The labor desert justification is mostly held in Europe and is included in the Berne Convention. In France it is specifically encoded in the so called ‘droits moraux’, or moral rights, that French authors have in addition to economic rights. The moral rights involve things such as the right to decide whether something is to be published, the right to withdraw it from the market, and the right of attribution. They cannot be sold by the author, and are perpetual. The interests that the labor desert justification centers on mostly are those of authors and publishers. 
RELATIONSHIP BETWEEN ‘LABOR’ AND ‘SWEAT OF THE BROW’ DOCTRINE.
To get a protection under the copyright Act the writing should be original.  Berne Convention, in context of collection of works, identifies the selection and arrangement as elements of “intellectual creations”, which in turn, more broadly characterizes ‘literary work and artistic works’ protected under that multinational organization. The agreement on TRIPs provides that the copyright protection shall extend to expressions and not to the ideas, procedures and methods of operations.  The Trade Related Aspects of Intellectual Property’ annexed to the World Trade Organization treaty and the 1996 World Intellectual Property Organization Copyright. Treaty also adopts the “intellectual creation” standard in connection with the compilation. 
Thus originality is the basic requirement for the copyright, even in case of compilation also. In order to have originality, there should be “modicum of creativity”. 

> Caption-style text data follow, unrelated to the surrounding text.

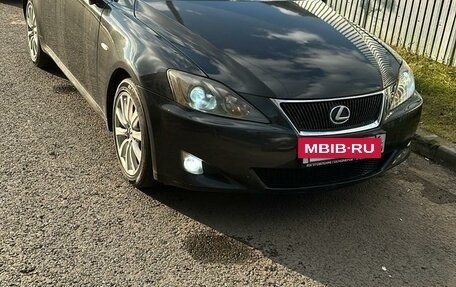 Lexus IS II рестайлинг 2, 2006 год, 1 100 000 рублей, 2 фотография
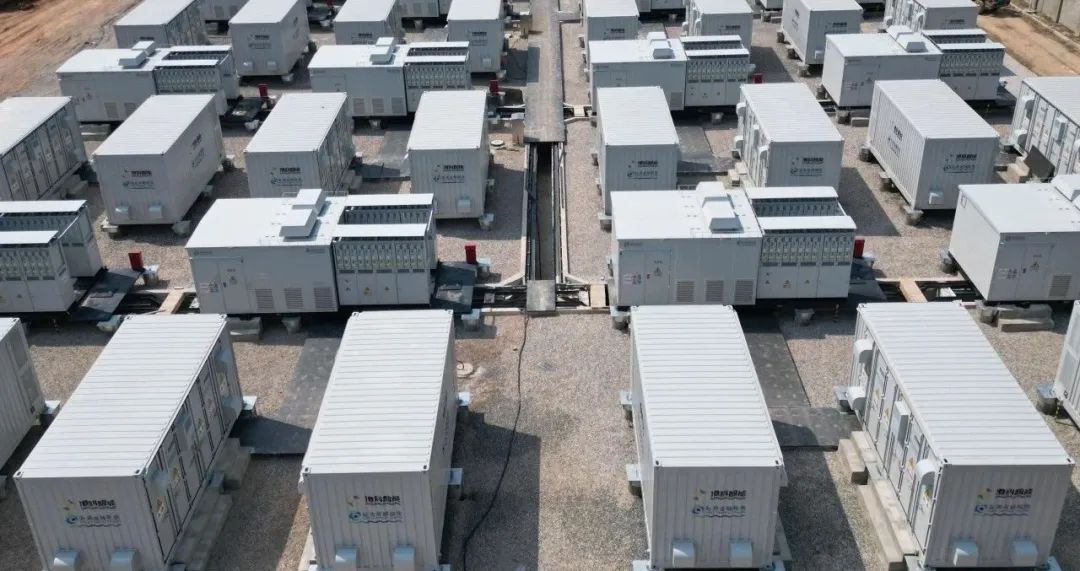 西南地區(qū)首座大規(guī)?；旌闲蛢?chǔ)能電站投運(yùn)!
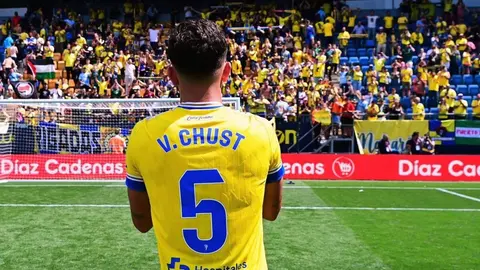 V&iacute;ctor Chust apunta a salir del C&aacute;diz CF en forma de cesi&oacute;n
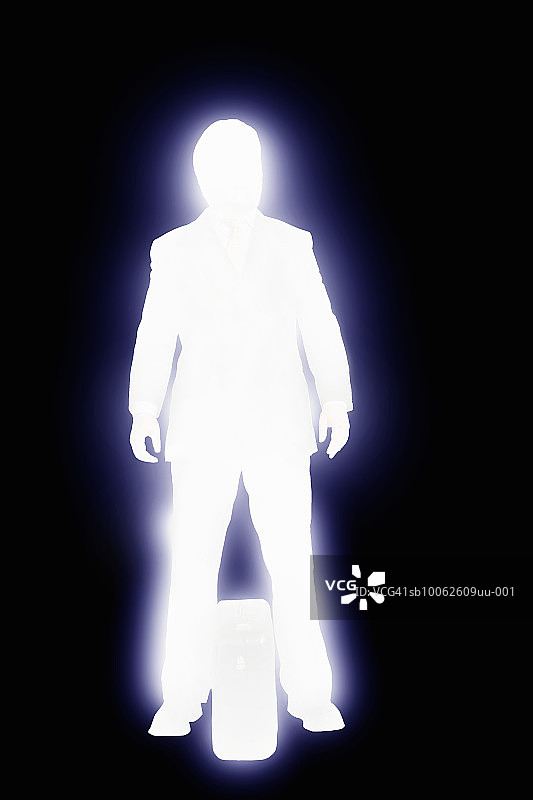 黑色背景下手提公文包的商务人士图片素材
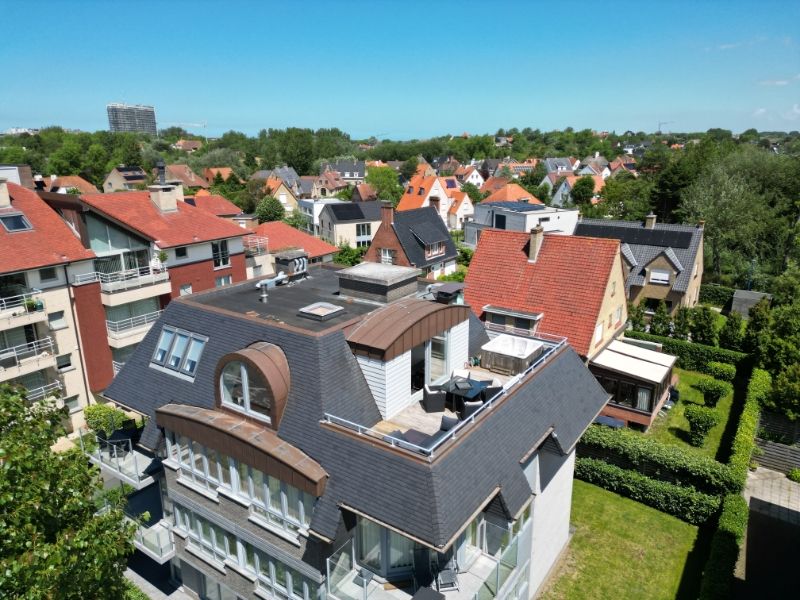 Luxueus Appartement met Groot Zonneterras in Oostduinkerke foto {{pictureIndex}}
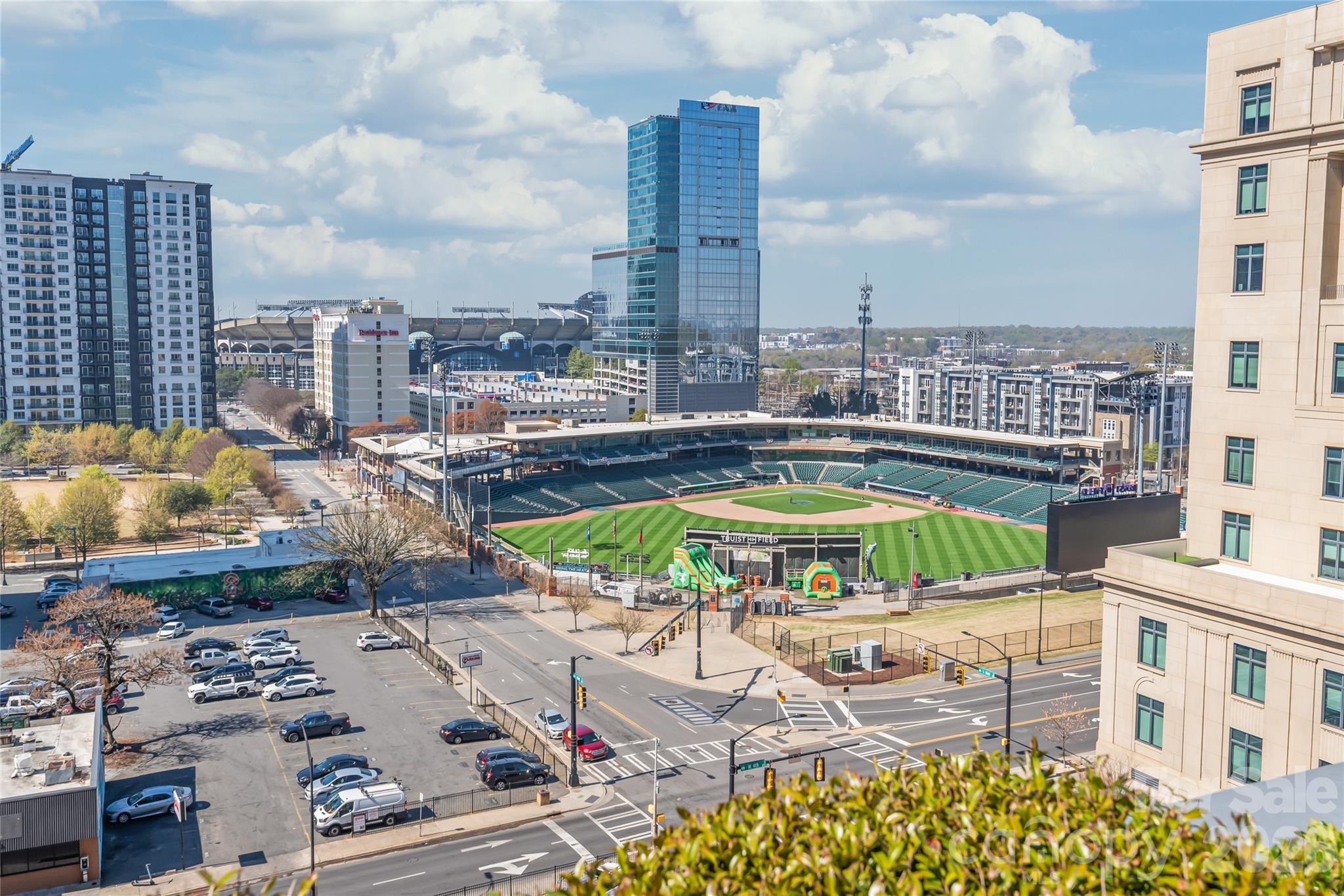 333 W Trade Street Charlotte NC 28202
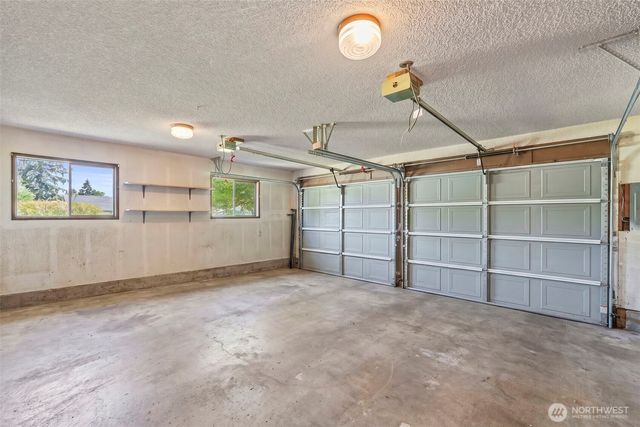 3412 Russell Road, Centralia, WA 98531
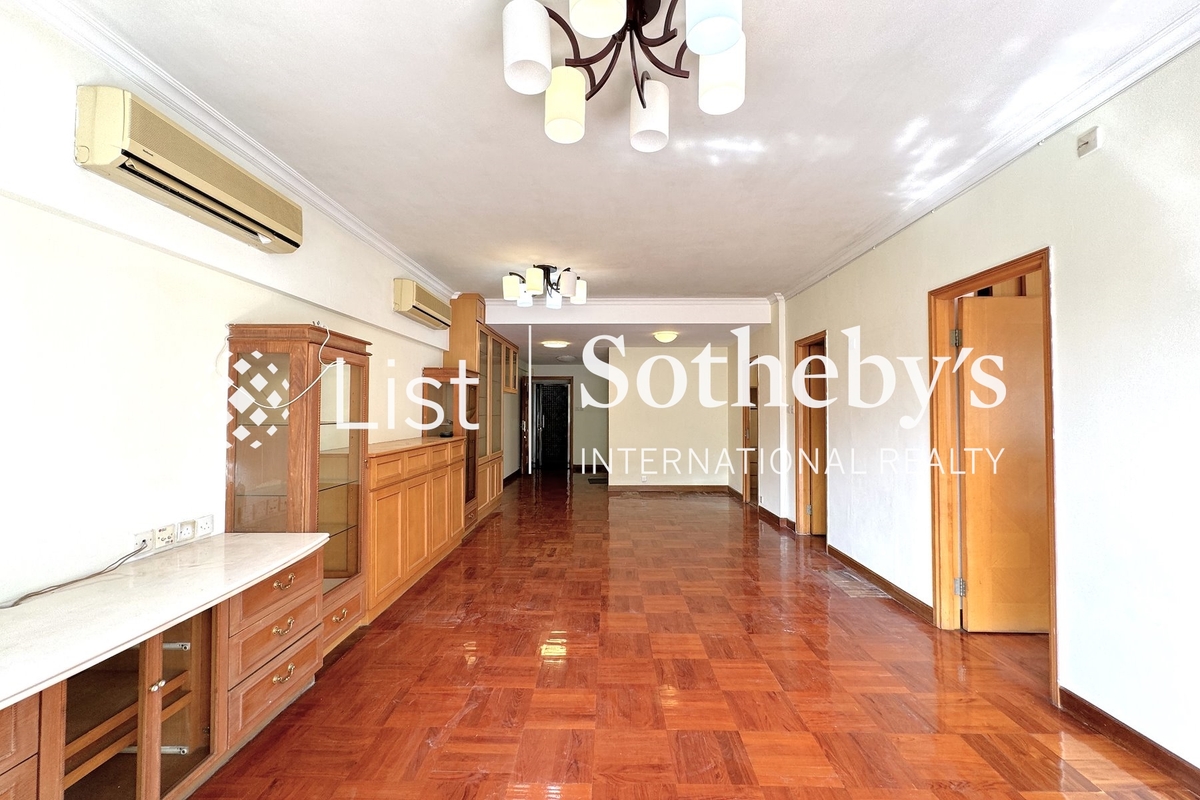 Arts Mansion 雅詩大廈 | Living and Dining Room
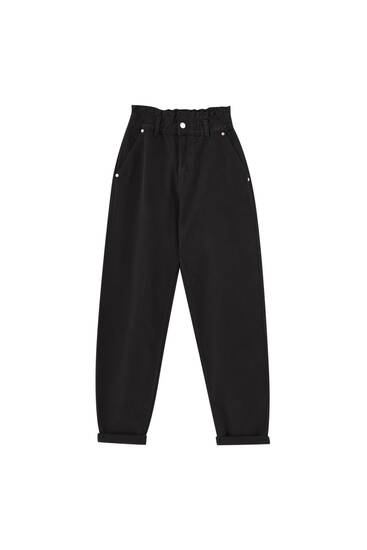 pantalón corto pull and bear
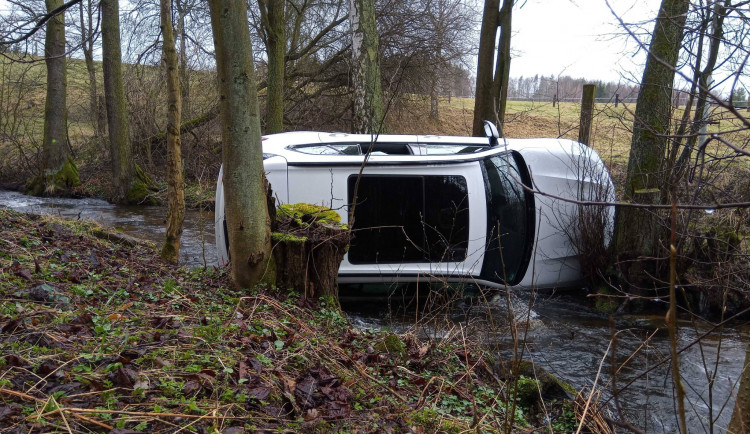 Luxusní BMW skončilo v potoce. Nehoda se obešla bez zranění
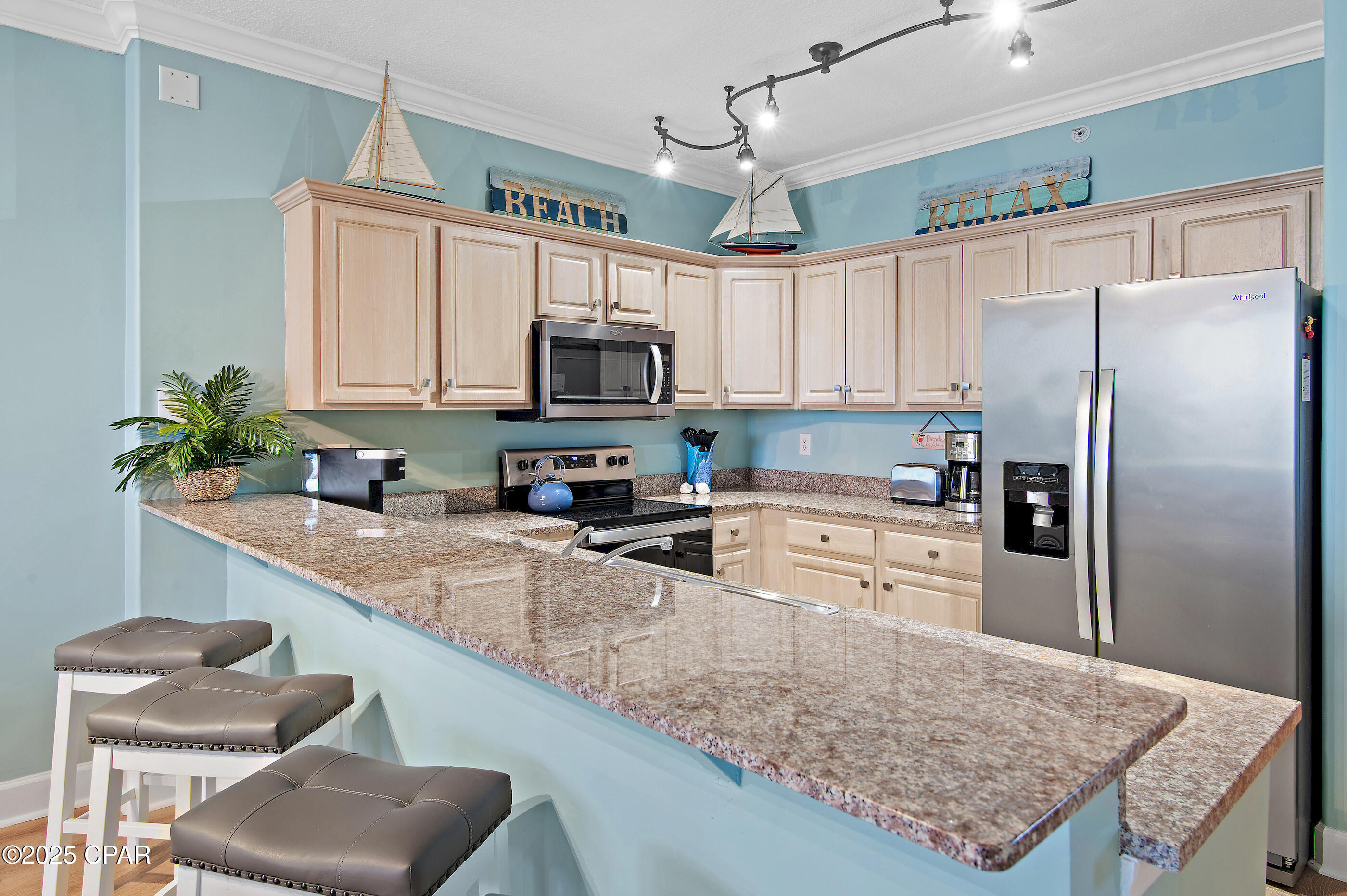 Image 4 For 17545 Front Beach  1104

In general rule where the compilations of facts are copyrightable, but the facts are not. In due course of time, a doctrine of “Sweat of The Brow” was developed. This doctrine discouraged the requirement of the creativity, in works. It only protected the sweat and labor of the compiler, without the usage of creativity in it. Anything which is mechanical and automatic task without having any amount of creativity in it, is also copyrightable under this doctrine.
For example, a person collected various articles of a famous author, whose articles were already in public domain. He published a book of these articles just by the method of compilation. He neither used his judgment nor creativity for the compilation of the book. In this case he cannot claim copyright for his book. If the person would have added his own views and comments in the book, regarding the articles mentioned in it then copyright could have been given to him.
But if we apply the doctrine of “sweat of the brow” in the abovementioned example, the case would have been different. The work would have been subject to protection of copyright. The labor spent in compilation of the articles in the book, without any creativity, has been enough to get the protection of copyright, under the “sweat of the brow” doctrine.
This doctrine was in application for a long time and it accompanied various factual compilations, totally ignoring the essence of creativity in copyright law, and just awarding the labor done to compile a work. In 1991, the U.S. Court gave a amazing judgment of Feist Publication v. Rural Publication,  which clearly rejected the sweat of the brow doctrine and held that merely use of effort does not amount to protection. The Supreme Court promoted creative originality theory and tried to abolish this doctrine of sweat of the brow. “Sweat of the brow” is a doctrine which protects factual compilations. According to this doctrine, labor done in compilation overcomes the requirement of creativity in a work, to make it copyrightable. To determine the place and time of this doctrine is not viable, but this can be said that it has originated while interpretation of earlier statutes, and thus to prohibit second-comers from free riding on the labor of others. 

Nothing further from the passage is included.